WORKING DATA Start Marker
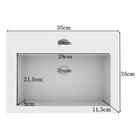 Gabinete Banheiro 1 Gaveta E Espelho Barrique E Branco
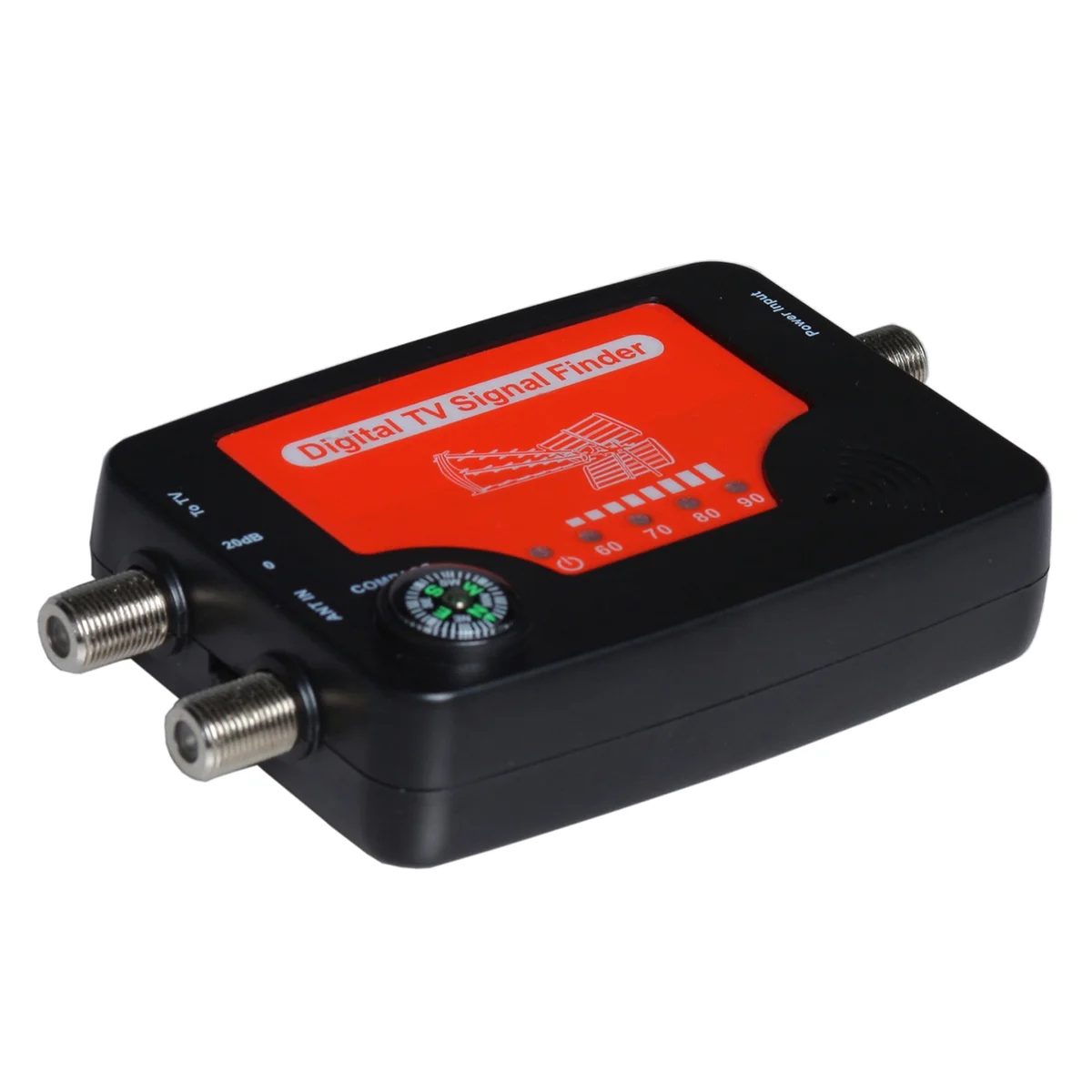 Digital TV Satellite Finder Portable TV Antenna Signal Strength Detector Meter Signal Prober Meter with Compass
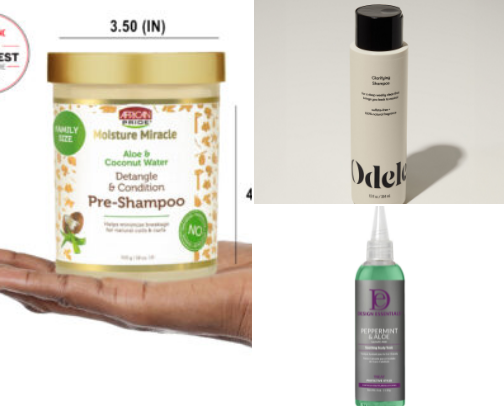 Natural Hair Care Faves cover photo collage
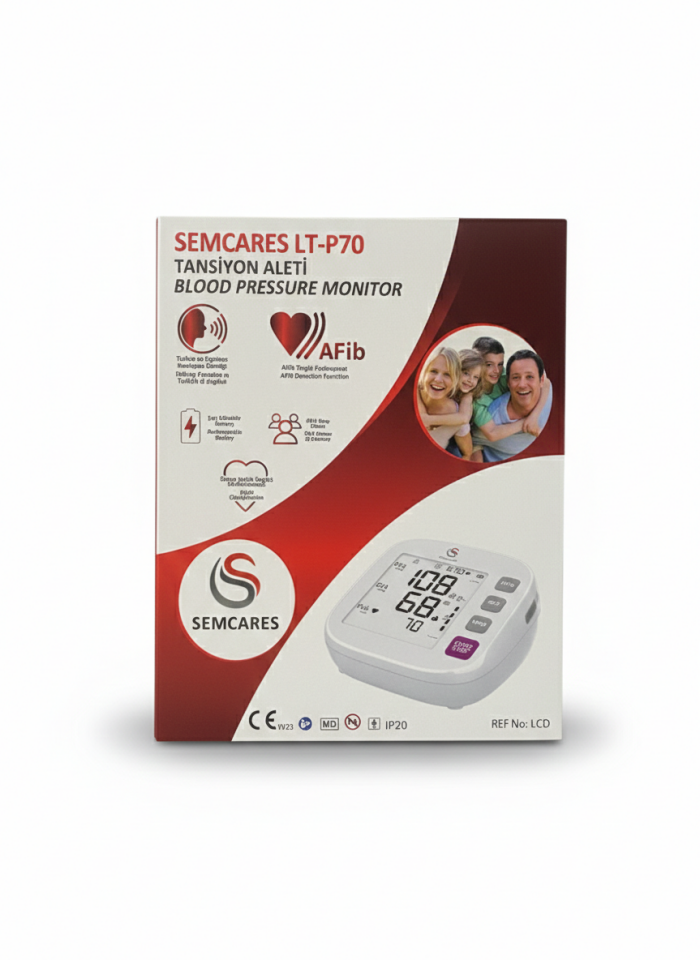 SEMCARES LT-P70 Afib Özellikli Tansiyon Aleti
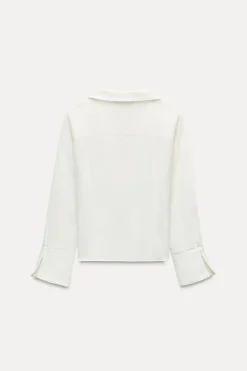 Online CAMISA ENTALLADA CORCHETES OCULTOS Mujer Camisas / Blusas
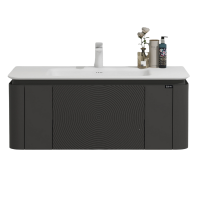 Тумба с раковиной Black&White Universe 100 подвесная, P02 sparkle grey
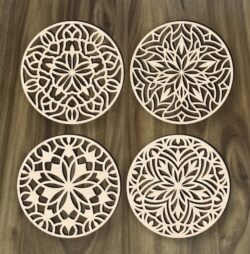 Mandala E0019504 file cdr and dxf free vector download for laser cut plasma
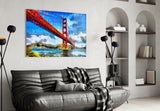 Golden Gate Bridge Glass Wall Art.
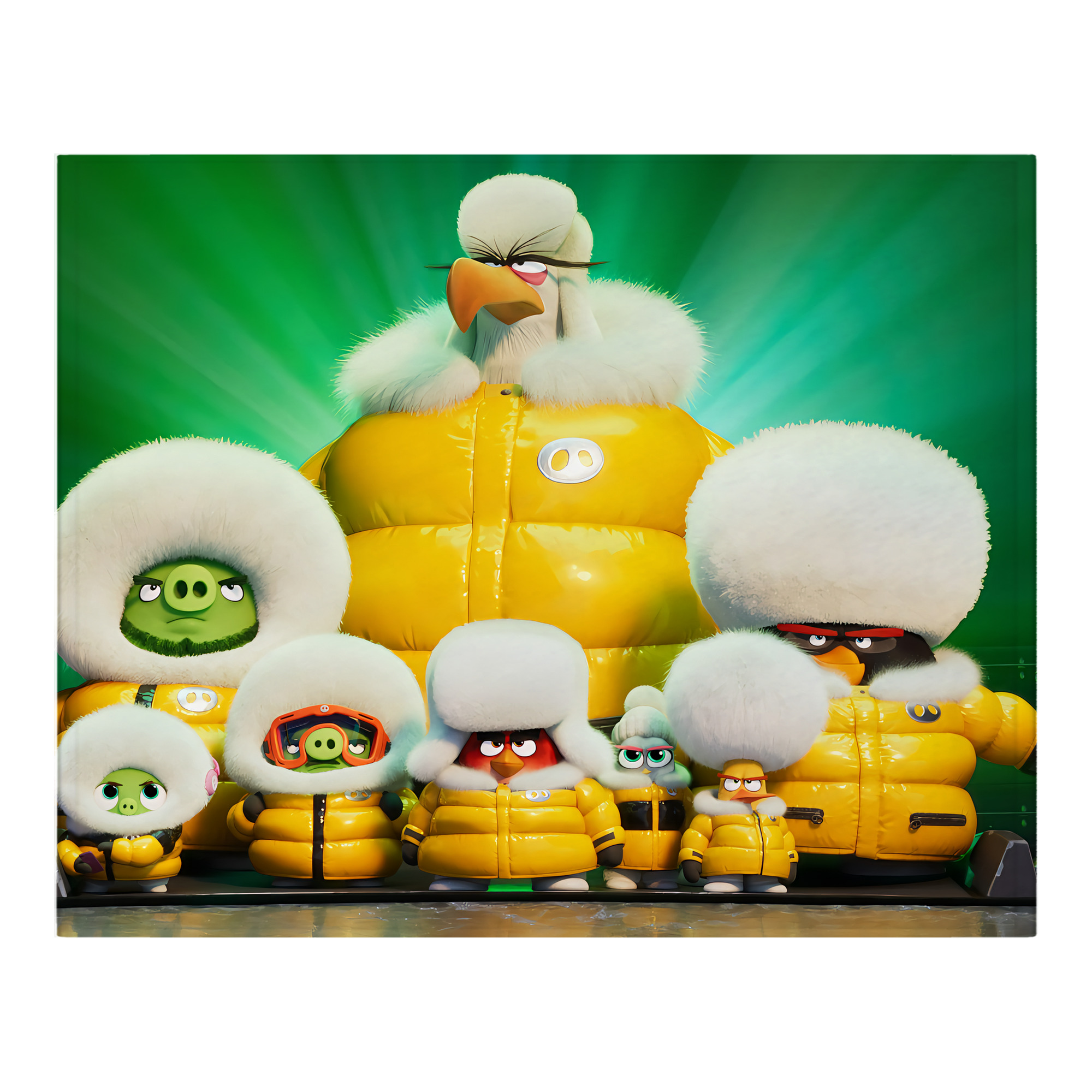 （画像用） Angry Birds アングリーバード フランネルブランケット・多サイズ対応（横型）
WORKING DATA End Marker
**TASK DESCRIPTION**:
Apart from the images, every line above needs to be printed again exactly.

**ANSWER SECTION**:
 Gabinete Banheiro 1 Gaveta E Espelho Barrique E Branco
 Digital TV Satellite Finder Portable TV Antenna Signal Strength Detector Meter Signal Prober Meter with Compass
 Natural Hair Care Faves cover photo collage
 SEMCARES LT-P70 Afib Özellikli Tansiyon Aleti
 Online CAMISA ENTALLADA CORCHETES OCULTOS Mujer Camisas / Blusas
 Тумба с раковиной Black&White Universe 100 подвесная, P02 sparkle grey
 Mandala E0019504 file cdr and dxf free vector download for laser cut plasma
 Golden Gate Bridge Glass Wall Art.
 （画像用） Angry Birds アングリーバード フランネルブランケット・多サイズ対応（横型）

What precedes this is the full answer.